Short text fragments from websites ::
>>>
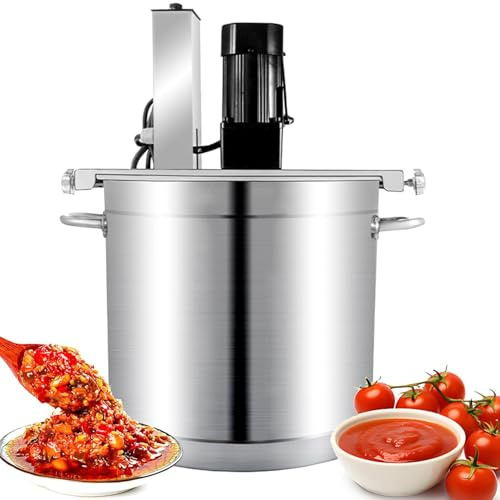Mezcladora de mermelada automática comercial de 20 l con raspador de doble capa: olla resistente para mezclar salsas y alimentos en cocinas profesionales.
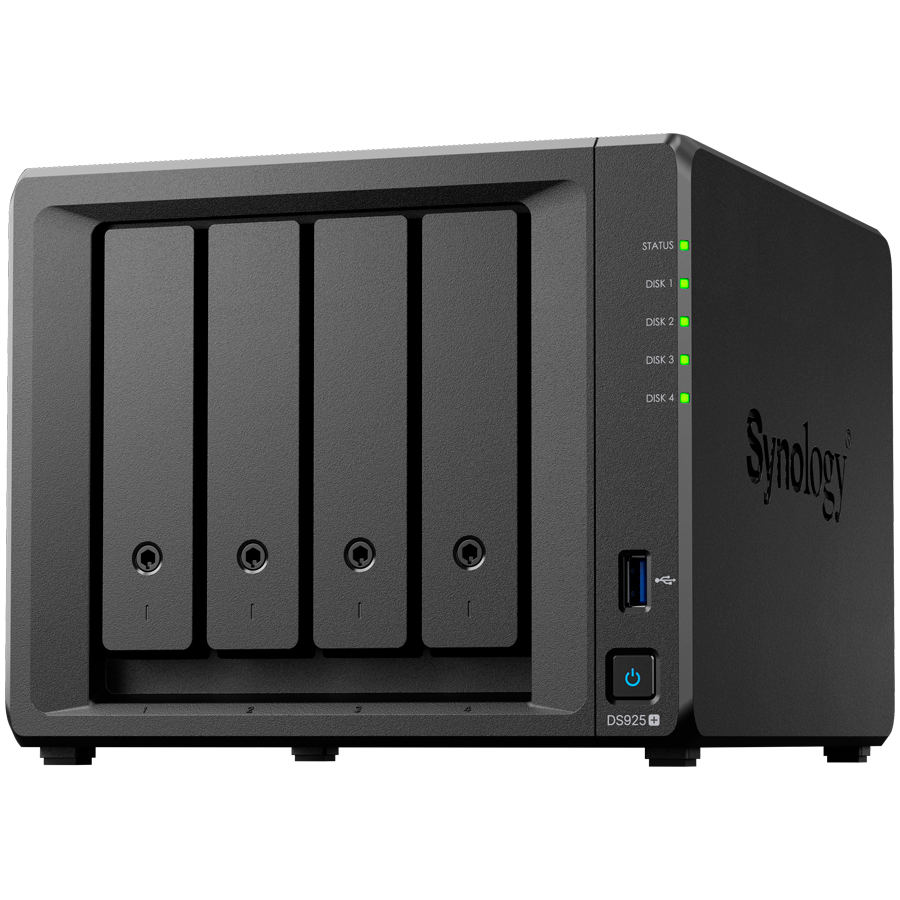 Synology DiskStation DS925+ Tower, 4-Bays 3.5'' SATA HDD/SSD, 2 x M.2 2280 NVMe SSD slot, CPU AMD Ryzen V1500B 4-core 2.2 GHz, 4 GB DDR4 ECC SODIMM, 2x RJ-45 2.5 GbE LAN Port; 2x USB 3.2; 1 xUSB Type- - slika 2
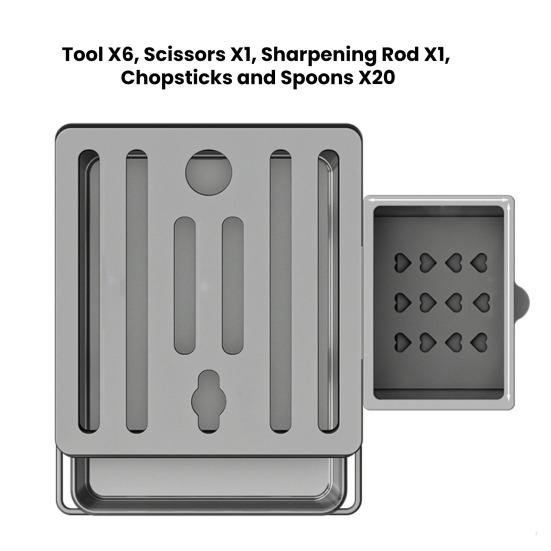 Kitchen Tabletop Storage Rack Knife Holder Large Capacity Multipurpose Waterproof Hollow Storage Rack Kitchen Utensil Organizer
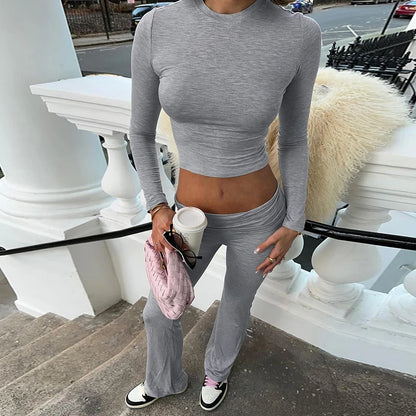 Rockmore Casual Minimalist Solid Women's Long Sleeve Crew Neck T Shirts Low Waist Pants Sets Comfy Breathable Two Piece Outfits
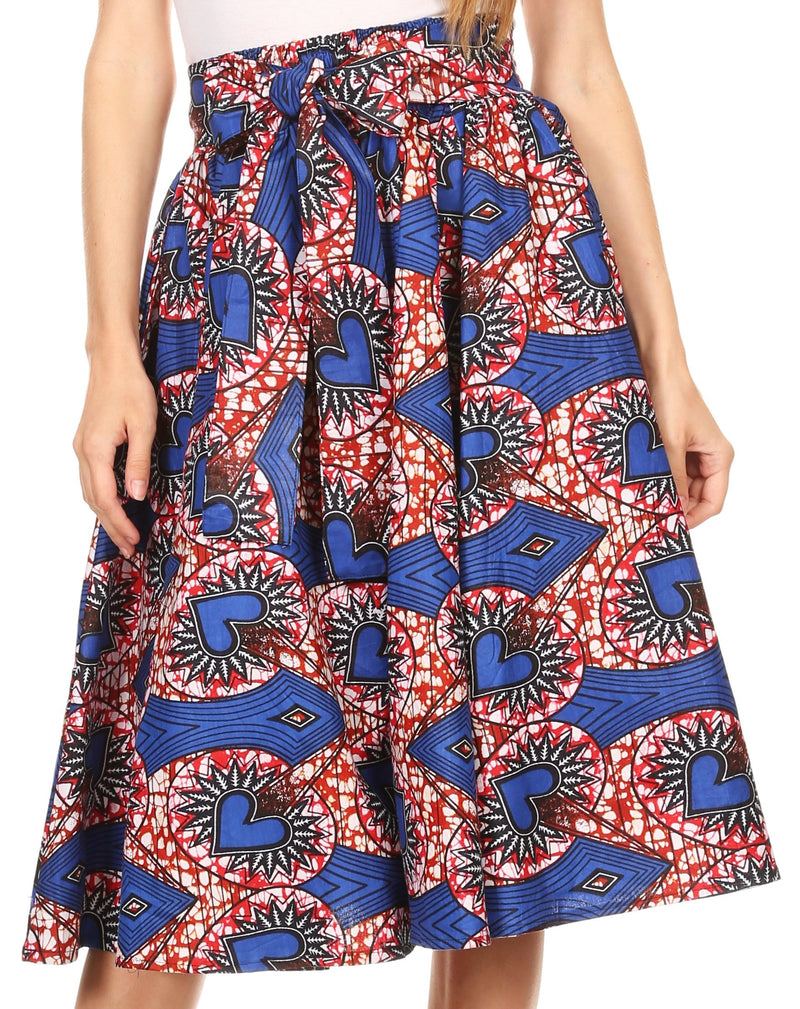 Sakkas Adisa Ankara African Wax Print Culotte Pants Colorful with Elastic Waist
<<<
An answer that restates all the entries exactly and drops the images is what is needed.

Mezcladora de mermelada automática comercial de 20 l con raspador de doble capa: olla resistente para mezclar salsas y alimentos en cocinas profesionales.
 Synology DiskStation DS925+ Tower, 4-Bays 3.5'' SATA HDD/SSD, 2 x M.2 2280 NVMe SSD slot, CPU AMD Ryzen V1500B 4-core 2.2 GHz, 4 GB DDR4 ECC SODIMM, 2x RJ-45 2.5 GbE LAN Port; 2x USB 3.2; 1 xUSB Type- - slika 2
 Kitchen Tabletop Storage Rack Knife Holder Large Capacity Multipurpose Waterproof Hollow Storage Rack Kitchen Utensil Organizer
 Rockmore Casual Minimalist Solid Women's Long Sleeve Crew Neck T Shirts Low Waist Pants Sets Comfy Breathable Two Piece Outfits
 Sakkas Adisa Ankara African Wax Print Culotte Pants Colorful with Elastic Waist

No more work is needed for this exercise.